Of course I could not allow the most significant death of the MTV-toting popular cultural movement to pass without adding a few words. The media coverage has been surprising to some because Michael Jackson was not currently recording music and was fifty (50)but what they fail to note is that the man wasn't just a star but he was the star. Time doesn't allow for too much detail right now but even without his statistical brilliance on the pop charts, MJ is the main reason why the pop/R&B stars can enjoy the vast cross-racial appeal now. Back in the late 1970s--before MTV emerged, black artists were mostly pigeon-holed into one frame, R&B, but when he released "Thriller" in 1982, all that changed. MJ was the first to create the possibilities of men of color in popular music. His albums, singles, endorsements, stage performances all became the ultimate, not just for black men but for everyone. MTV rolled around and the videos that he conceptualized--"Thriller" especially--were larger than life.

Yet, this doesn't answer the question why we care so much about him now. Consider though that most of the current pop acts that people pine for and worship (Rihanna, Usher, Justin Timberlake) are obviously influenced by MJ's "full package" approach to music. He made art and they all strive to do the same, to be mentioned in the same breath as him decades from now. This media storm is even more remarkable when one considers that he was the only one of his peers (that trio of him, Madonna and Prince, all fifty coincidentally)who was not still recording music. Yet people cared time and time again for the sinewy details of his personal life, grabbed up the expensive tickets for his London concert (July) and still could moonwalk.

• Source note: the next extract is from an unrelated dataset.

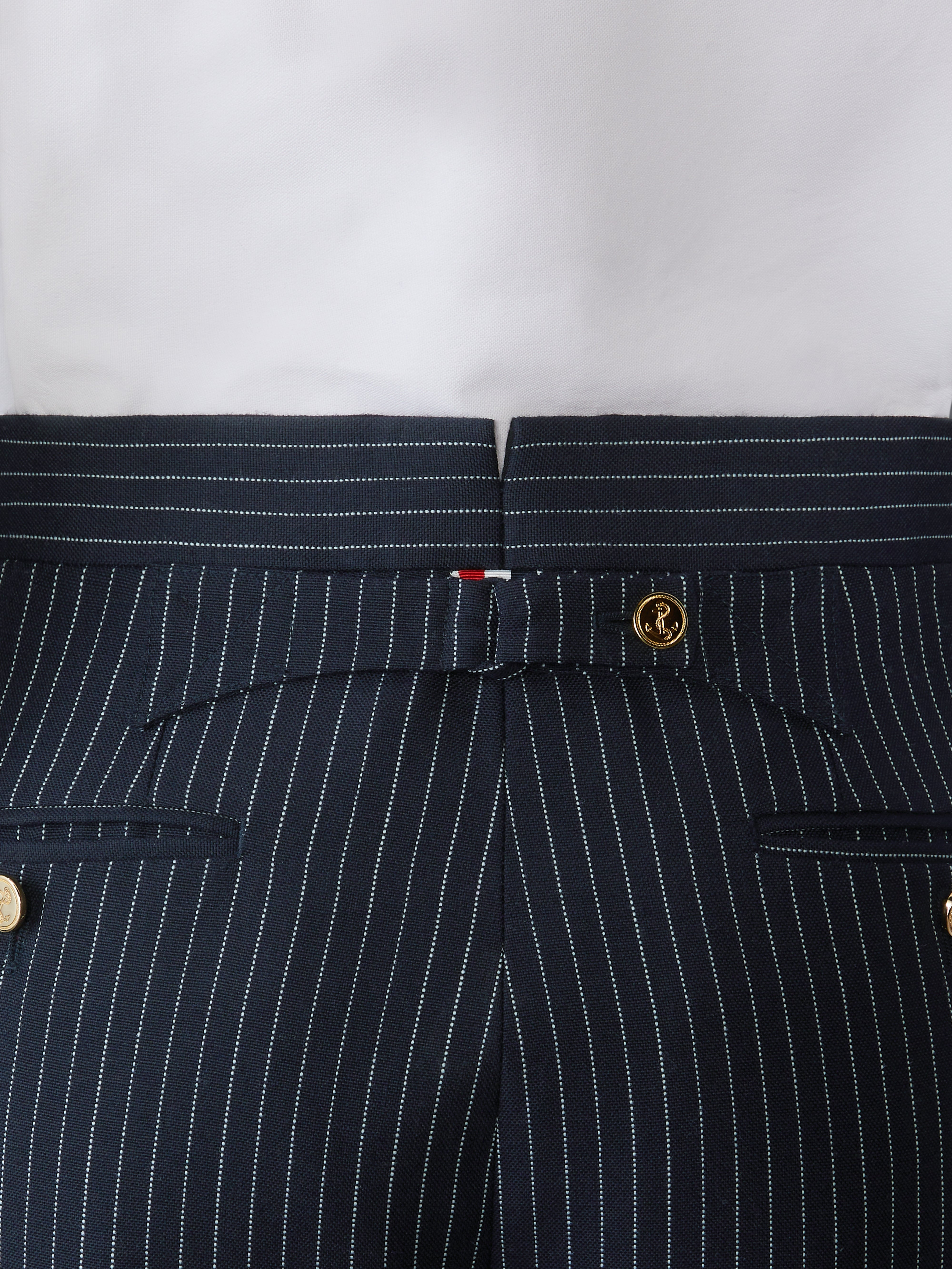 PINSTRIPE HIGH TWIST WOOL TROUSER - 5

On top of it all, we cared fiercely to see if he would get the redemption perfectionists like him crave. We wanted a last hurrah, a triumphant show that if necessary he could muster up some of the old magic. We do not like when our stars struggle or show, finally, mortality settling in. We want them to live forever, to excel always, to make the world seem alright. Who watches the mighty Roger Federer just merely to win a, we want an exhibition, a flawless display of skill that is beyond mere human execution. For the music critics, Radiohead occupies that rarefied space currently of enviable love from critics and fans. If they follow up the blissful "In Rainbows" with anything less than ideal or remotely commercial, we will feel a sense of betrayal, a letdown beyond words. Not everyone reaches such idealized heights in our eyes but it brings with it its own set of issues, that we are miostly unable to rationalize.

Michael Jackson leaves a rich musical legacy: great pop music that transcends its time and genre. That immense Beatles catalogue that his children will now inherit. His family and fans are left with a lifetime of good and not so good memories. In the days to come, we will hear the rumours, the possibilities of prescription-drug overdose, the state of his accounts. Endless critics will tear into his child-molestation cases but the truth is that it all plays a part of his life, his legacy.Bob Dylan may be the most culturally relevant musician alive, David Bowie the most vastly copied and Radiohead the most acclaimed band but MJ was the greatest entertainer for the vast part of four (4) decades. Take a second to reflect on that. Bless.

Michael Jackson was fifty (50) years old.